**DATASET EXCERPTS**
####################

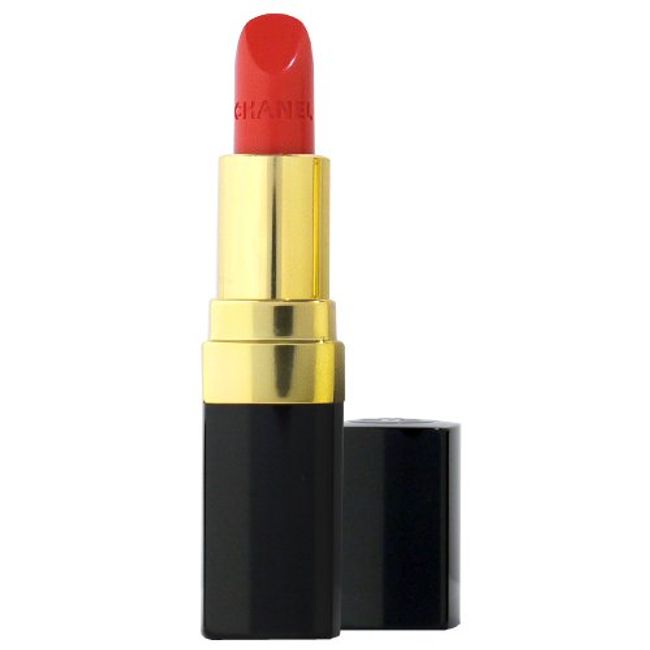 Chanel Chanel Rouge Coco [parallel import]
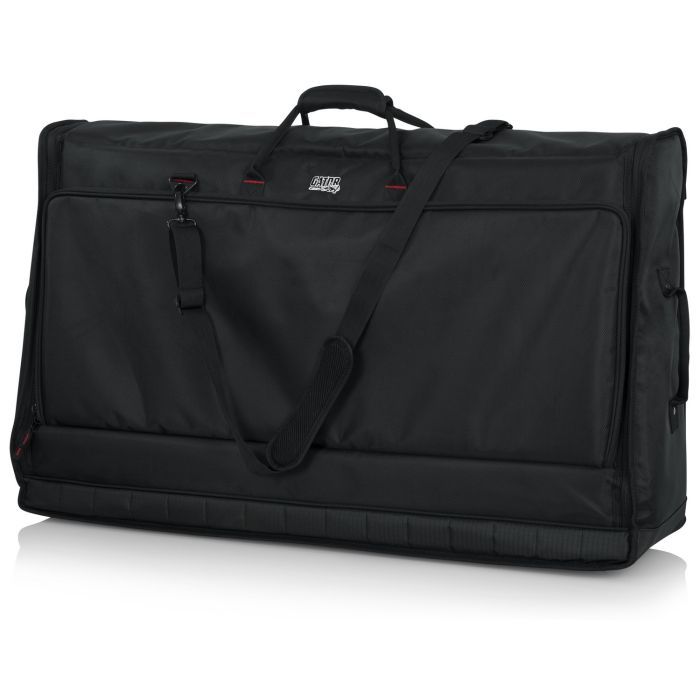 Чохол для звукового обладнання Gator Large Format Mixer Bag (G-MIXERBAG-3621) зображення 7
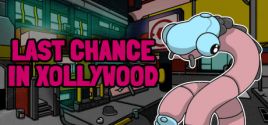 Last Chance in Xollywood System Requirements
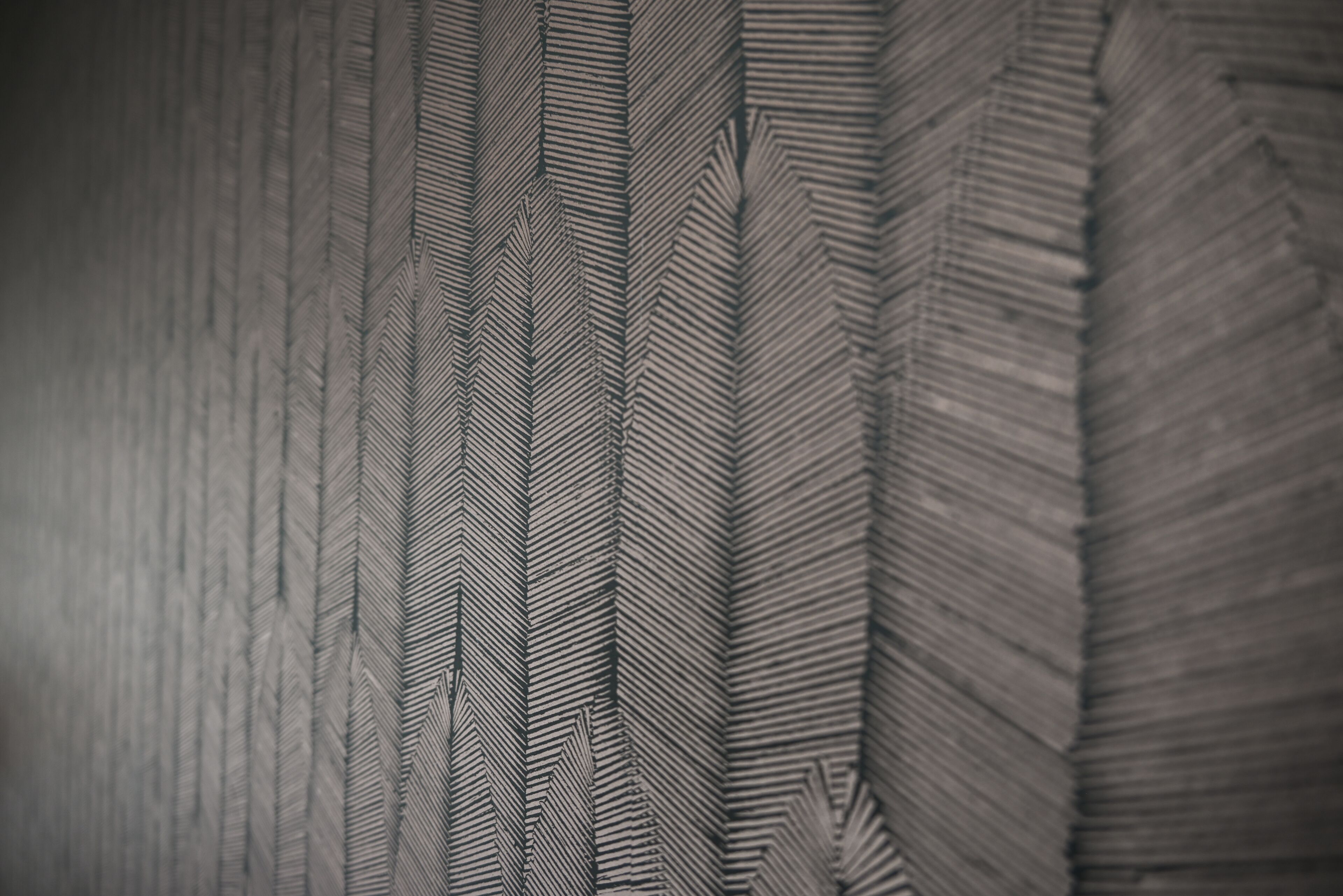 standard double room, lake view (bâtiment annexe ) | soundproofing, cots/infant beds, free wifi, bed sheets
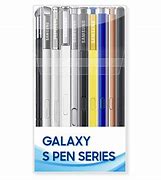 Image result for Samsung S24 S Pen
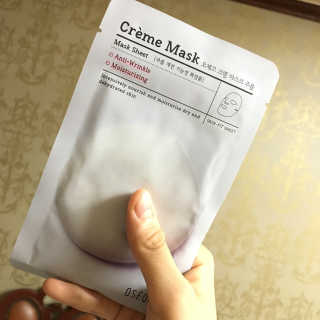 한첨탐타님이 올린 리뷰 사진 1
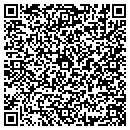 QR code with Jeffrey Dangelo contacts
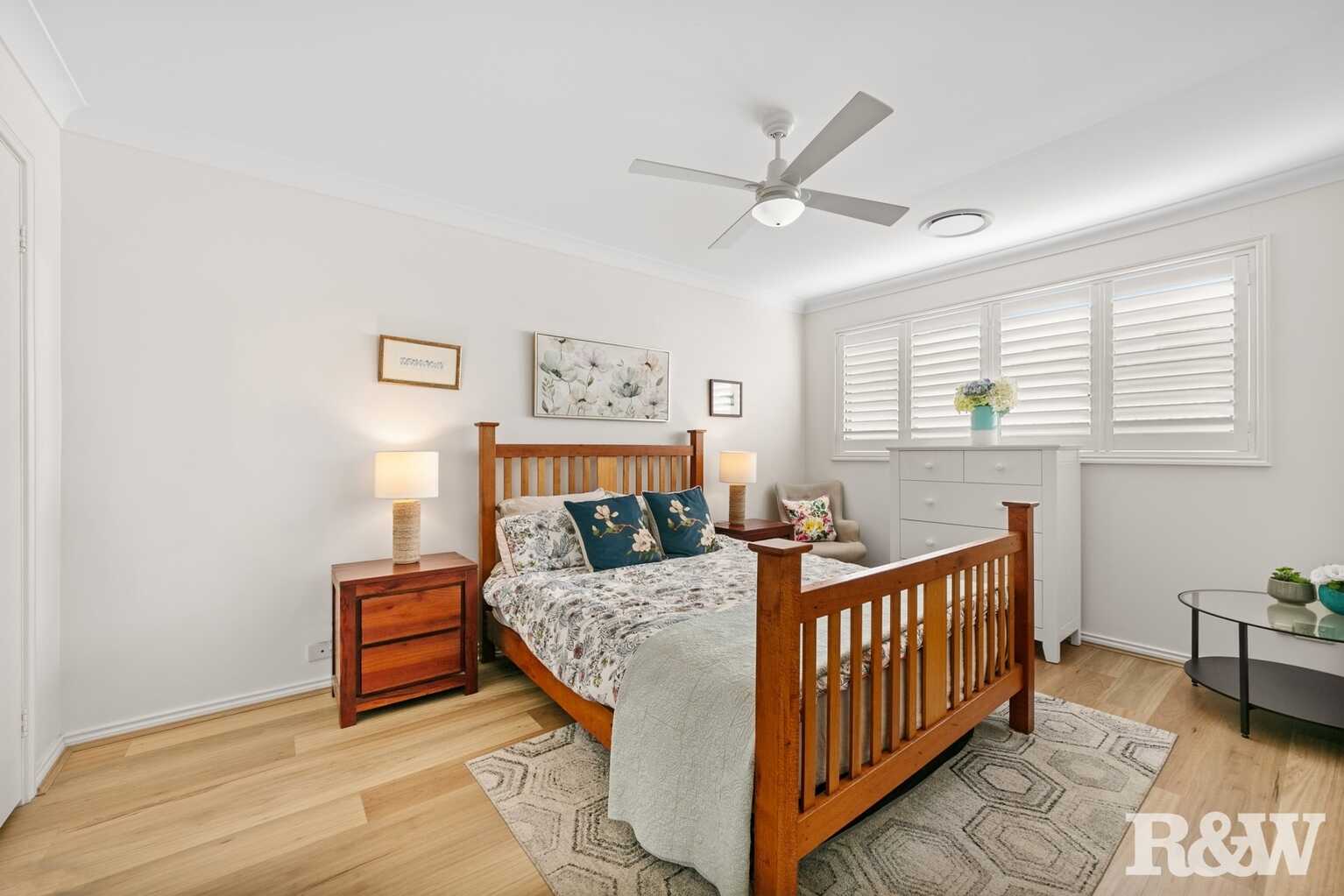 5 Onthonna Terrace Umina Beach 5 Onthonna Terrace Umina Beach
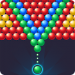 Bubble Shooter v21.0929.01 [MOD]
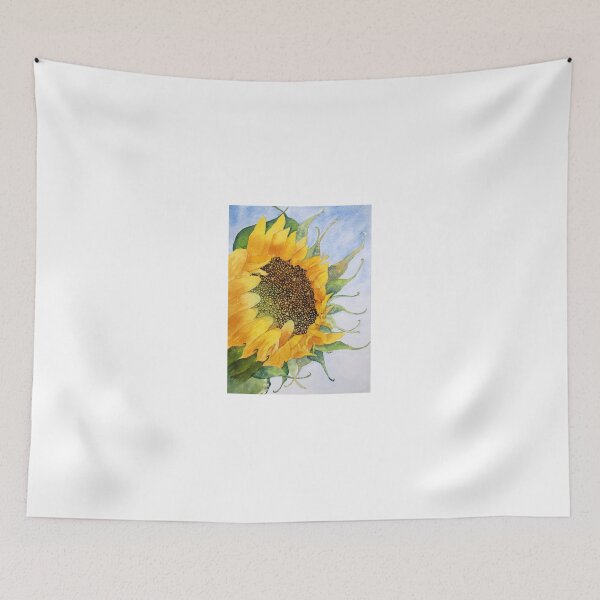 Item preview, Sunkissed designed and sold by Pat  Elliott.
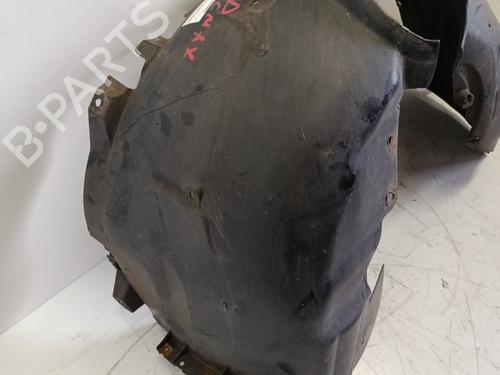 Wheel arch FORD C-MAX (DM2) 1.8 TDCi | BP30132765C56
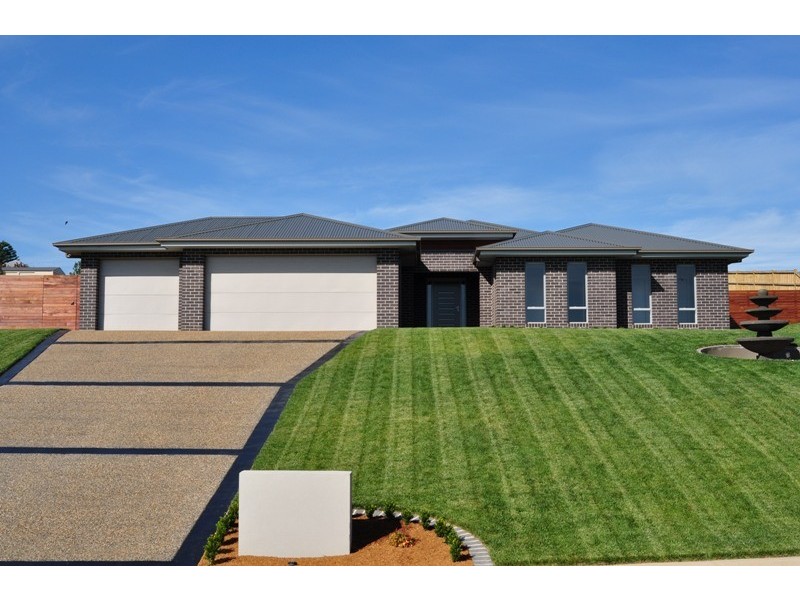 37 Glendon Drive, Warragul VIC 3820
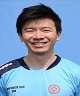 Cheng Chung Yan Kobe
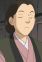 Shigeru's Mother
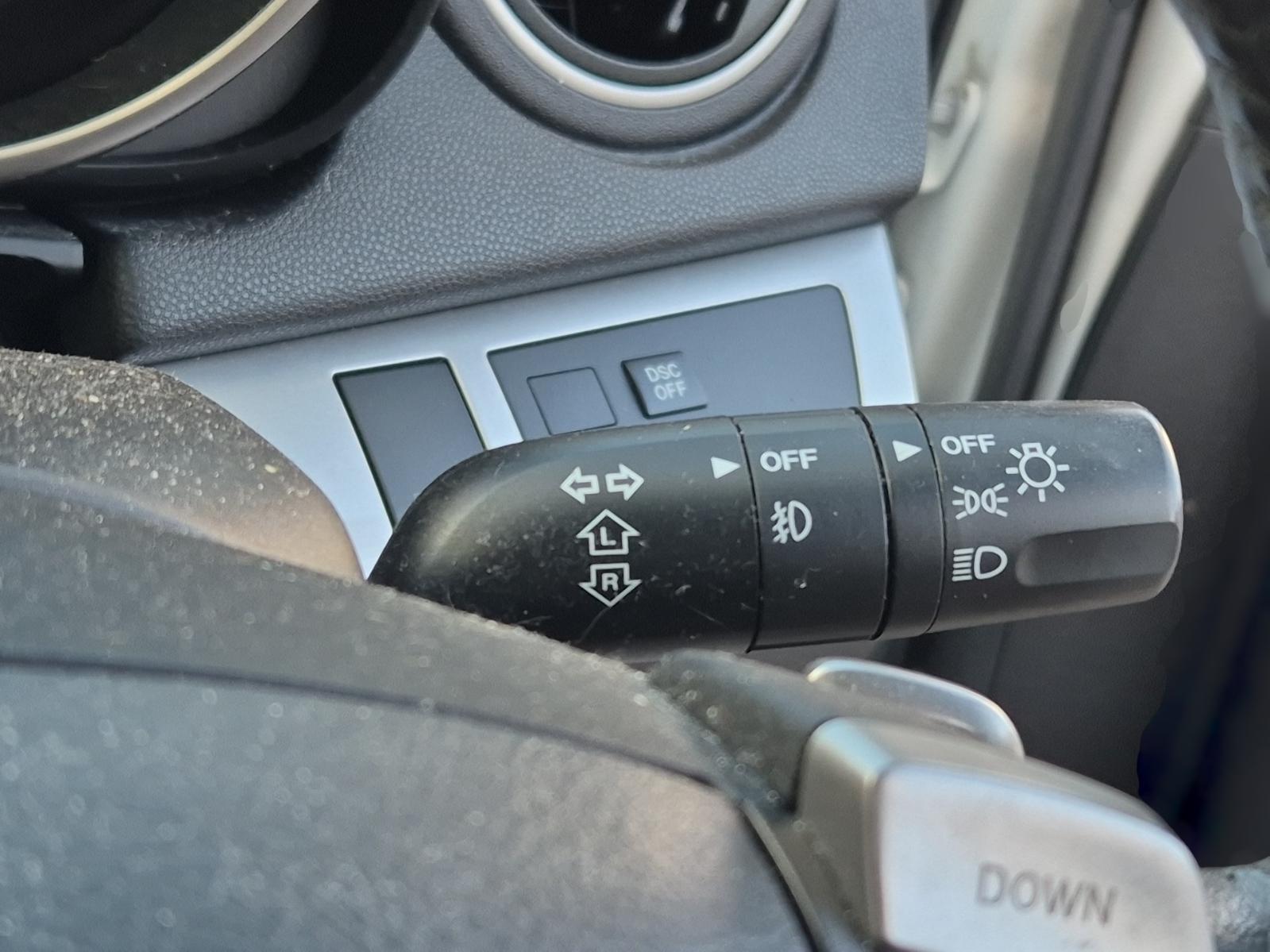 Combination_Switch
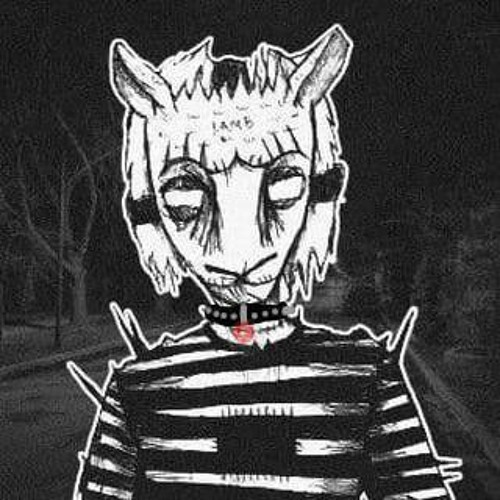 grey magick’s avatar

####################

**PROMPT**
Could you write out all the records exactly, without the pictures?

**RESULT OF THE EXERCISE**
 Chanel Chanel Rouge Coco [parallel import]
 Чохол для звукового обладнання Gator Large Format Mixer Bag (G-MIXERBAG-3621) зображення 7
 Last Chance in Xollywood System Requirements
 standard double room, lake view (bâtiment annexe ) | soundproofing, cots/infant beds, free wifi, bed sheets
 Image result for Samsung S24 S Pen
 한첨탐타님이 올린 리뷰 사진 1
 QR code with Jeffrey Dangelo contacts
 5 Onthonna Terrace Umina Beach 5 Onthonna Terrace Umina Beach
 Bubble Shooter v21.0929.01 [MOD]
 Item preview, Sunkissed designed and sold by Pat  Elliott.
 Wheel arch FORD C-MAX (DM2) 1.8 TDCi | BP30132765C56
 37 Glendon Drive, Warragul VIC 3820
 Cheng Chung Yan Kobe
 Shigeru's Mother
 Combination_Switch
 grey magick’s avatar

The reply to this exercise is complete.